I'm teaching myself PyMC but got stuck with the following problem:
I have a model whose parameters should be determined from successive measurements. In the beginning the parameter's prior is uninformative, but should be updated after each measurement (i.e. replaced by the posterior). In short, I want to do sequential updating with PyMC.
Consider the following (somewhat constructed) example:
Of course, this can be solved analytically with beta/binomial conjugate priors, but this is not the point here :)
Alternatively, both measurements could be combined to n=15 and k=12. However, this is too simple. I want to take the hard way for educational purposes.
I found a solution in this answer, where new priors are sampled from the posterior. This is almost what I want, but sampling the prior feels a bit messy because the results depends on the number of samples and other settings.
My attempted solution puts both measurement and priors separately in one model, like this:
n1, k1 = 10, 9
n2, k2 = 5, 3
theta1 = pymc.Beta('theta', alpha=1, beta=1)
outcome1 = pymc.Binomial('outcome1', n=n1, p=theta1, value=k1, observed=True)
theta2 = ? # should be the posterior of theta1
outcome2 = pymc.Binomial('outcome2', n=n2, p=theta2, value=k2, observed=True)
How can I get the posterior of theta1
as the prior of theta2
?
Is this even possible, or did I just demonstrate ultimate ignorance about Bayesian statistics?
The only way sequential updating works sensibly is in two different models.

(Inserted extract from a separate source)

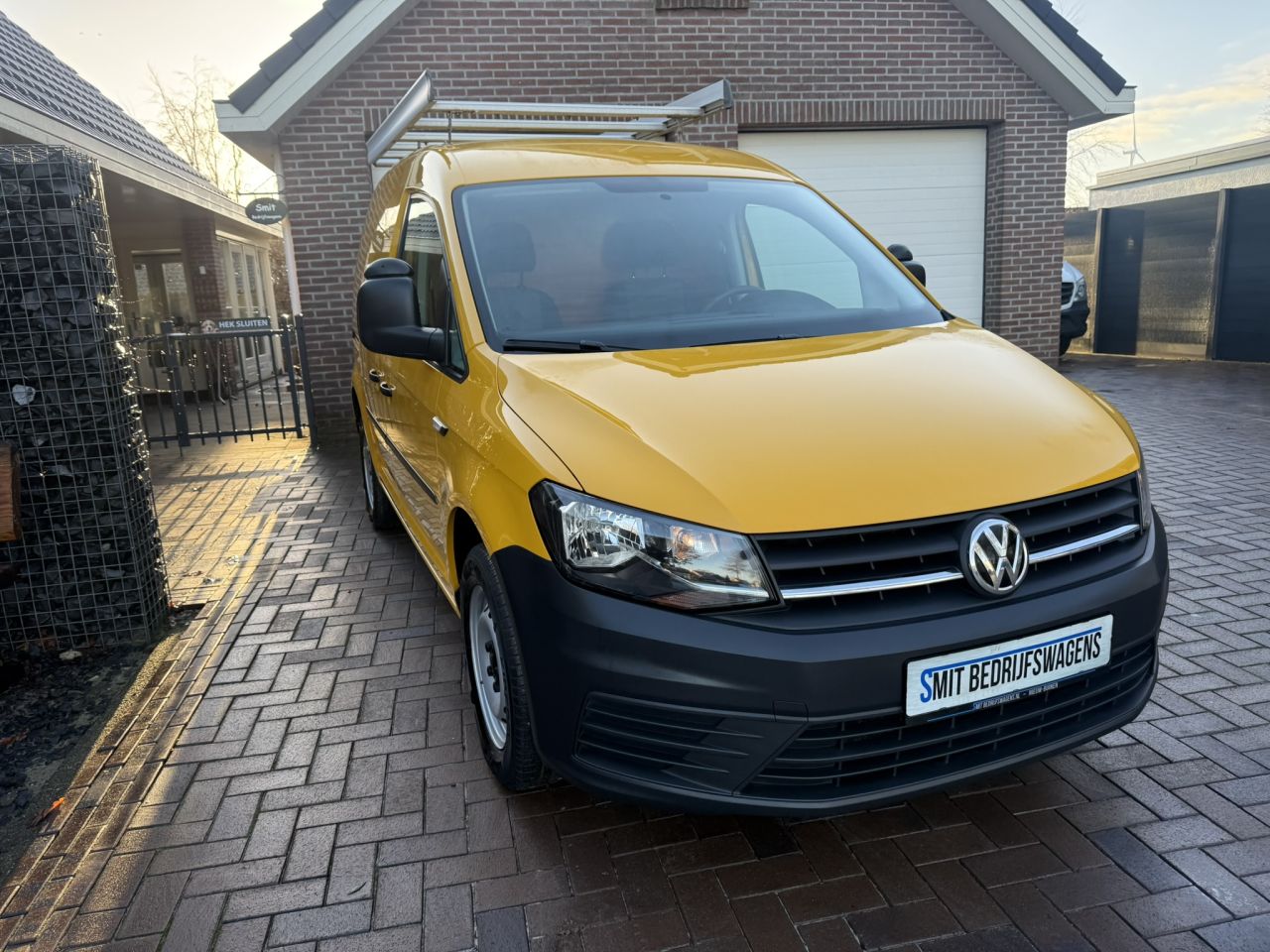 Volkswagen Caddy 2.0 tdi imperial, trekhaak, inrichting.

Specifying them in the same model does not make any sense, since we have no posteriors until after MCMC has completed.
In principle, you would examine the distribution of theta1
and specify a prior that best resembles it. In this simple case it is easy -- it would be:
theta2 = pymc.Beta('theta2', alpha=10, beta=2)
since you don't need MCMC to determine what the posterior of theta is. More generally, you could fit a Beta distribution to the posterior, say using scipy.stats.beta.fit
.